(Crawled caption data)
######

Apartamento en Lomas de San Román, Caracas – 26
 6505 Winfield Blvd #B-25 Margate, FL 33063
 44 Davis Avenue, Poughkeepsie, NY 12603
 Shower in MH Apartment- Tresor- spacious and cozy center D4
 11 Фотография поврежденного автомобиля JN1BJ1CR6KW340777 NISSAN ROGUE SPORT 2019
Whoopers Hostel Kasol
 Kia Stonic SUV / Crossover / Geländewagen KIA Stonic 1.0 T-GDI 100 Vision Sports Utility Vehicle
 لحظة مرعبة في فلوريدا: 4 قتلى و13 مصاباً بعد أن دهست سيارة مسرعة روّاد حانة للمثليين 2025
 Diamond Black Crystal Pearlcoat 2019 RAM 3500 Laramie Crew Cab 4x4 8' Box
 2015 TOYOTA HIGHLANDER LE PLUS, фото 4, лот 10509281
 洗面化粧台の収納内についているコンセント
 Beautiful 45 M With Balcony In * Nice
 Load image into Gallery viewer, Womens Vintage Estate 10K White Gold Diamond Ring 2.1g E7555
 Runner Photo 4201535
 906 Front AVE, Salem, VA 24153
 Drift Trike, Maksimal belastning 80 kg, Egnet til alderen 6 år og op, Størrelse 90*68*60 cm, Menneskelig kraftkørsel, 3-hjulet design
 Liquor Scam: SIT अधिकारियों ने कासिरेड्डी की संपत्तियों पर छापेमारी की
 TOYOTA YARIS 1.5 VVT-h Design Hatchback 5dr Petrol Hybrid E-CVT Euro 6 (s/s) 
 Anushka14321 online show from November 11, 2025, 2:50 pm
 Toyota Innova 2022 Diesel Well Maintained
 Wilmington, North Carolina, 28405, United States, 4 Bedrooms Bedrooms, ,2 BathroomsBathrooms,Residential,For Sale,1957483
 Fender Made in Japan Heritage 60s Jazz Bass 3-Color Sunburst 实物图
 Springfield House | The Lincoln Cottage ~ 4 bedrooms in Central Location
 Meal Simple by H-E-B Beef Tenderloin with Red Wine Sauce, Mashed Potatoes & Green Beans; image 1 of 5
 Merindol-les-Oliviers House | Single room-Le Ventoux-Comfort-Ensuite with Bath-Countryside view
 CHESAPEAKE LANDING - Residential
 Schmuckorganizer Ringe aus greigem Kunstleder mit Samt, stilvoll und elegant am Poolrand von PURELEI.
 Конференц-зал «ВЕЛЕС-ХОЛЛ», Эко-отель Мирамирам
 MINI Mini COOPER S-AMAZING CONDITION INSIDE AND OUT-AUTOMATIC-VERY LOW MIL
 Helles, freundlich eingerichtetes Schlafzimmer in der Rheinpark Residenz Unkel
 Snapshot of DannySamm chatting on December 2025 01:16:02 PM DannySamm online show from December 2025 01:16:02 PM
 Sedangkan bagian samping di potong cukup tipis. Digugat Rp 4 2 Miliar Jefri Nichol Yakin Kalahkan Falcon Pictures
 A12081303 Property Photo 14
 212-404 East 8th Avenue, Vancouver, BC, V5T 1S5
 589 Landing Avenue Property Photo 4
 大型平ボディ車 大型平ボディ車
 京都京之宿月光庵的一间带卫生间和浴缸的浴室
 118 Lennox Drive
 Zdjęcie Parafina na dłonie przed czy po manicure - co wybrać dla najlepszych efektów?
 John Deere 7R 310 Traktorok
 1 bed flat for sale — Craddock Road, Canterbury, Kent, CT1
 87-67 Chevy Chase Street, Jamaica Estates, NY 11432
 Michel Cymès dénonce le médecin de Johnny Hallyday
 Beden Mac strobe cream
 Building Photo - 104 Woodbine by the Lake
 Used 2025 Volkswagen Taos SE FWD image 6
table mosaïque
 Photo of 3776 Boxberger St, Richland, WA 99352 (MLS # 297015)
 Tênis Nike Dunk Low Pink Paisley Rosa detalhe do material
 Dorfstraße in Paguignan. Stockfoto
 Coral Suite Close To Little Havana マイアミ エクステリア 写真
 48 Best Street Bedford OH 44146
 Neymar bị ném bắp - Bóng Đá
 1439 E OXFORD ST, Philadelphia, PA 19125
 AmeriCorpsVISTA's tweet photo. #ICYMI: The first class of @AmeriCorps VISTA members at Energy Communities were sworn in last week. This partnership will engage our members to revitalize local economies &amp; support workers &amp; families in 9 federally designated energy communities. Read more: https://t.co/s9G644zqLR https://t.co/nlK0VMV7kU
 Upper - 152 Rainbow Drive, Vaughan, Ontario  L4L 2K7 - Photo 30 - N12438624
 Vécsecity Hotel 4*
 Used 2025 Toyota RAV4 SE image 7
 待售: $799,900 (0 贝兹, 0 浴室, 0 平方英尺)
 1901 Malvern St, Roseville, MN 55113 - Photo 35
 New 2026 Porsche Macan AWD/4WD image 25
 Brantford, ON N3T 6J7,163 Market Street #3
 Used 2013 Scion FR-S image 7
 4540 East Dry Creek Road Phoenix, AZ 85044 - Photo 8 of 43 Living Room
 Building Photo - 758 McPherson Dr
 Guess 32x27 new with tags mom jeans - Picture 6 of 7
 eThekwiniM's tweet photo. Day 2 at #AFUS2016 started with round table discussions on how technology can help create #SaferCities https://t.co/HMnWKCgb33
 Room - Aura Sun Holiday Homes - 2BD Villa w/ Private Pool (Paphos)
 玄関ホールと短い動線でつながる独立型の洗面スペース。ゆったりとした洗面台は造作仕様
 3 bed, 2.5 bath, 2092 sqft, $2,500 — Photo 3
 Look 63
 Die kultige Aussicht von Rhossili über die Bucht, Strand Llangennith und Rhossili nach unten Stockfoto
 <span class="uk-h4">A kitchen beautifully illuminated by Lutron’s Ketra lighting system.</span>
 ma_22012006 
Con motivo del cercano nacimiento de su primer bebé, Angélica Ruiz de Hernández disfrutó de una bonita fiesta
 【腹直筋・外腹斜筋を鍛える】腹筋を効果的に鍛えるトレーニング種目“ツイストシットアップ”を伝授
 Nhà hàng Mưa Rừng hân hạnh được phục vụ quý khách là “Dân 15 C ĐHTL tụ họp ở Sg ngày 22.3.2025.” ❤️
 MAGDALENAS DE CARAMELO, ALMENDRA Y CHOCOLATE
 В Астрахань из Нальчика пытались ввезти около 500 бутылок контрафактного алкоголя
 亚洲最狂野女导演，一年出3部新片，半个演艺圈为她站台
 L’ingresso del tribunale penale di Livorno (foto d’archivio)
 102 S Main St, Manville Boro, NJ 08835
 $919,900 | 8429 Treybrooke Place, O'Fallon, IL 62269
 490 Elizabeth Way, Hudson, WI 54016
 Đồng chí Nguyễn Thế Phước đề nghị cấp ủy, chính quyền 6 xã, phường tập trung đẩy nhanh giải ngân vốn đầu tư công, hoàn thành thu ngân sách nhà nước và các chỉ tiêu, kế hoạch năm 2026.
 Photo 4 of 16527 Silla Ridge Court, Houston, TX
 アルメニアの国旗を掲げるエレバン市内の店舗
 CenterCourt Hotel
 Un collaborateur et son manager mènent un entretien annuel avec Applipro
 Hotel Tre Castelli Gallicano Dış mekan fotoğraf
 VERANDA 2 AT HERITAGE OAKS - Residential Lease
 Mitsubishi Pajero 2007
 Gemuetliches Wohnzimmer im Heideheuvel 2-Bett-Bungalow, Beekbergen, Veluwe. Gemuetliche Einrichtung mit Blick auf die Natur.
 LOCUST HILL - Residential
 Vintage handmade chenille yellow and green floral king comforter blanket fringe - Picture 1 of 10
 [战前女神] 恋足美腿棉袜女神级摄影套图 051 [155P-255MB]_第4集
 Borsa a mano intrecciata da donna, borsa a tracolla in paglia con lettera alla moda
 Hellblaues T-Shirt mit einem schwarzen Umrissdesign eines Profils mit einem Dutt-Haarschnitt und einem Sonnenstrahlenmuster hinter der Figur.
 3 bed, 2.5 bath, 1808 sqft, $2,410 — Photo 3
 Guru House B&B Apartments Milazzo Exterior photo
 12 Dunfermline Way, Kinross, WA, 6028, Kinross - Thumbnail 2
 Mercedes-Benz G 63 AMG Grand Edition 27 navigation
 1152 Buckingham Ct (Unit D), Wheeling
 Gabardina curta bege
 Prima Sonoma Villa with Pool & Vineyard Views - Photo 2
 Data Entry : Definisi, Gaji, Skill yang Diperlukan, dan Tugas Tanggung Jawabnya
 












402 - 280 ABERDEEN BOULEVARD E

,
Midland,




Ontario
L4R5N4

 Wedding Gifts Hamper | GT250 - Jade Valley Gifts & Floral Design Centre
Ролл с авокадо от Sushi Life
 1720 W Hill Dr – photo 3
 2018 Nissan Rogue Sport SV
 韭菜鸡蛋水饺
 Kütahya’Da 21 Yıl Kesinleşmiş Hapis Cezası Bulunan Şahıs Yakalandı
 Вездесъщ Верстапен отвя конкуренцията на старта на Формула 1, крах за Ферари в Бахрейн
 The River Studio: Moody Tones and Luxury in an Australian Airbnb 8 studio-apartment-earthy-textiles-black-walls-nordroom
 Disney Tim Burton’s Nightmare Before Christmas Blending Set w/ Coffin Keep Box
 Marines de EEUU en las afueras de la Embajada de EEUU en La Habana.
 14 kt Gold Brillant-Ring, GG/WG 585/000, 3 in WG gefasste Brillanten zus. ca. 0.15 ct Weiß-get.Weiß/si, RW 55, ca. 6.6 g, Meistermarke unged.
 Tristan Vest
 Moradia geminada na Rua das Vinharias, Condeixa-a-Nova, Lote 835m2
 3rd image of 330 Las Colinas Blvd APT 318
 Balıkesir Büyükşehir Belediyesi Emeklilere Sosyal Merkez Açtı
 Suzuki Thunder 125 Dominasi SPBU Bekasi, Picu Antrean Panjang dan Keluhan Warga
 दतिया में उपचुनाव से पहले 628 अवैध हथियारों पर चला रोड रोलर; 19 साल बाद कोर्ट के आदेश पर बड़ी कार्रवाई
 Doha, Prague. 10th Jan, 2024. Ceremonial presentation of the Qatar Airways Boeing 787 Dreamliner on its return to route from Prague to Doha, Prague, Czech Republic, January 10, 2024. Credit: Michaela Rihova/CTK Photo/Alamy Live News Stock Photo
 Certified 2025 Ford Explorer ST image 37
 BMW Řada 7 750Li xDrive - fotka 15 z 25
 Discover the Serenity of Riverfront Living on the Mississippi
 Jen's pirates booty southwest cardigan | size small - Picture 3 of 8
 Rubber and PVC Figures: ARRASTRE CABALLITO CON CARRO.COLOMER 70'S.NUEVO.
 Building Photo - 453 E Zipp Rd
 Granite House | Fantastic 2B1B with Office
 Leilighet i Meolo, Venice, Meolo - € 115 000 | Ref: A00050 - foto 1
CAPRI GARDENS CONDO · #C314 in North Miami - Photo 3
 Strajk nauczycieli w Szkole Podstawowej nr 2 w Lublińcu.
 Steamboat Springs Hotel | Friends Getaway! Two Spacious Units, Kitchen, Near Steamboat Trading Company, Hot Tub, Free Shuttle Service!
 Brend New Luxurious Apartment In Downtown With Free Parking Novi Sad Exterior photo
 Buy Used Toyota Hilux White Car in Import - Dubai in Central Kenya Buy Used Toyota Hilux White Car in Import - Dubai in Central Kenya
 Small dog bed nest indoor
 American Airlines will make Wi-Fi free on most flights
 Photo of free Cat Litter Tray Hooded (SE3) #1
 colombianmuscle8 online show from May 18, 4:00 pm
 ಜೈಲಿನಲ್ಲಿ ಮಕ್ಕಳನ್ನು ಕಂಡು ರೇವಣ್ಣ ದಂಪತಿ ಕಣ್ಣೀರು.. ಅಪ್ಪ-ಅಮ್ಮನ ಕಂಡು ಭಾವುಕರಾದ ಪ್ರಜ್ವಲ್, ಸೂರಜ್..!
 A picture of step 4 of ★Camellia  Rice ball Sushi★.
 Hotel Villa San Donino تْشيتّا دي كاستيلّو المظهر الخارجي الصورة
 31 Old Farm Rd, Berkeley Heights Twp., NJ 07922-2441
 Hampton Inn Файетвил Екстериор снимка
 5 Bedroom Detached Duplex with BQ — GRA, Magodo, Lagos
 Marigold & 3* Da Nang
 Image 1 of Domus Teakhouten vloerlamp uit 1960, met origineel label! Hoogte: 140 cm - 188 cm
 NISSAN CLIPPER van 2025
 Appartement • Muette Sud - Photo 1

######

TASK GOAL —
Send back an exact copy of only the lines from the line with "12 Dunfermline Way, Kinross, WA, 6028, Kinross" up to and including the line with "Marines de EEUU" in the data above.

ANSWER BELOW —
 12 Dunfermline Way, Kinross, WA, 6028, Kinross - Thumbnail 2
 Mercedes-Benz G 63 AMG Grand Edition 27 navigation
 1152 Buckingham Ct (Unit D), Wheeling
 Gabardina curta bege
 Prima Sonoma Villa with Pool & Vineyard Views - Photo 2
 Data Entry : Definisi, Gaji, Skill yang Diperlukan, dan Tugas Tanggung Jawabnya
 












402 - 280 ABERDEEN BOULEVARD E

,
Midland,




Ontario
L4R5N4

 Wedding Gifts Hamper | GT250 - Jade Valley Gifts & Floral Design Centre
Ролл с авокадо от Sushi Life
 1720 W Hill Dr – photo 3
 2018 Nissan Rogue Sport SV
 韭菜鸡蛋水饺
 Kütahya’Da 21 Yıl Kesinleşmiş Hapis Cezası Bulunan Şahıs Yakalandı
 Вездесъщ Верстапен отвя конкуренцията на старта на Формула 1, крах за Ферари в Бахрейн
 The River Studio: Moody Tones and Luxury in an Australian Airbnb 8 studio-apartment-earthy-textiles-black-walls-nordroom
 Disney Tim Burton’s Nightmare Before Christmas Blending Set w/ Coffin Keep Box
 Marines de EEUU en las afueras de la Embajada de EEUU en La Habana.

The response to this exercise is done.